Each line below is to be copied exactly; images do not go into the copy.

● SUPPLIED MATERIAL:
▬▬▬

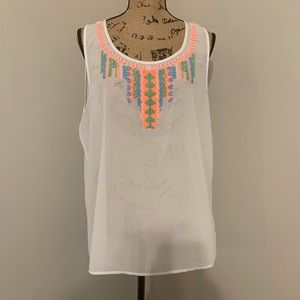 Studio Y white sheer sleeveless top. Size XL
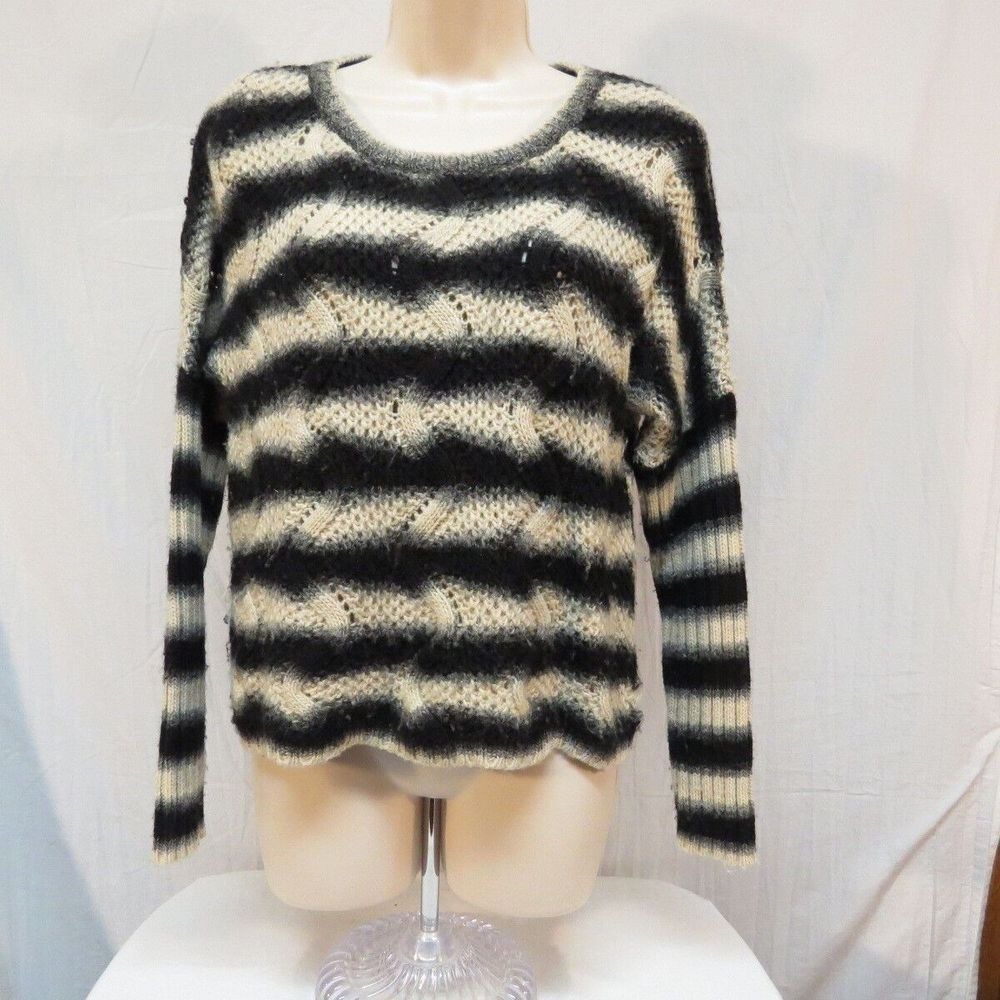 Antonio Melani Sweater Womens Striped Knit Open Weave Black Cream Casual Small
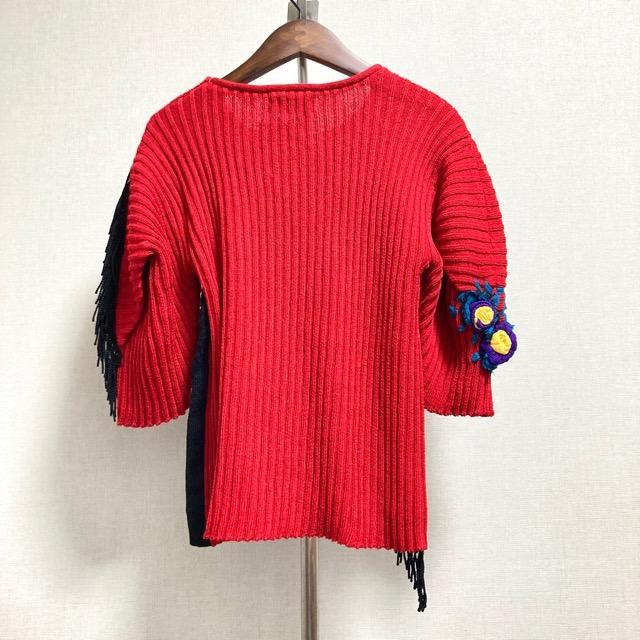 snc サイトウトヨコ 斉藤都世子 ニット・セーター 黒 赤 フリンジ バラ  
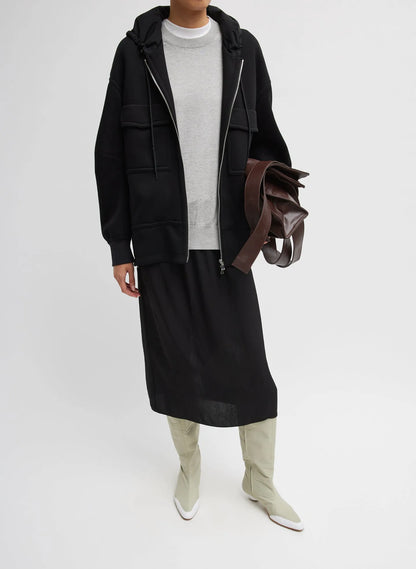 Techy Viscose Zip Up Hoodie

▬▬▬

● RESPONSE BOX:
 Studio Y white sheer sleeveless top. Size XL
 Antonio Melani Sweater Womens Striped Knit Open Weave Black Cream Casual Small
 snc サイトウトヨコ 斉藤都世子 ニット・セーター 黒 赤 フリンジ バラ  
 Techy Viscose Zip Up Hoodie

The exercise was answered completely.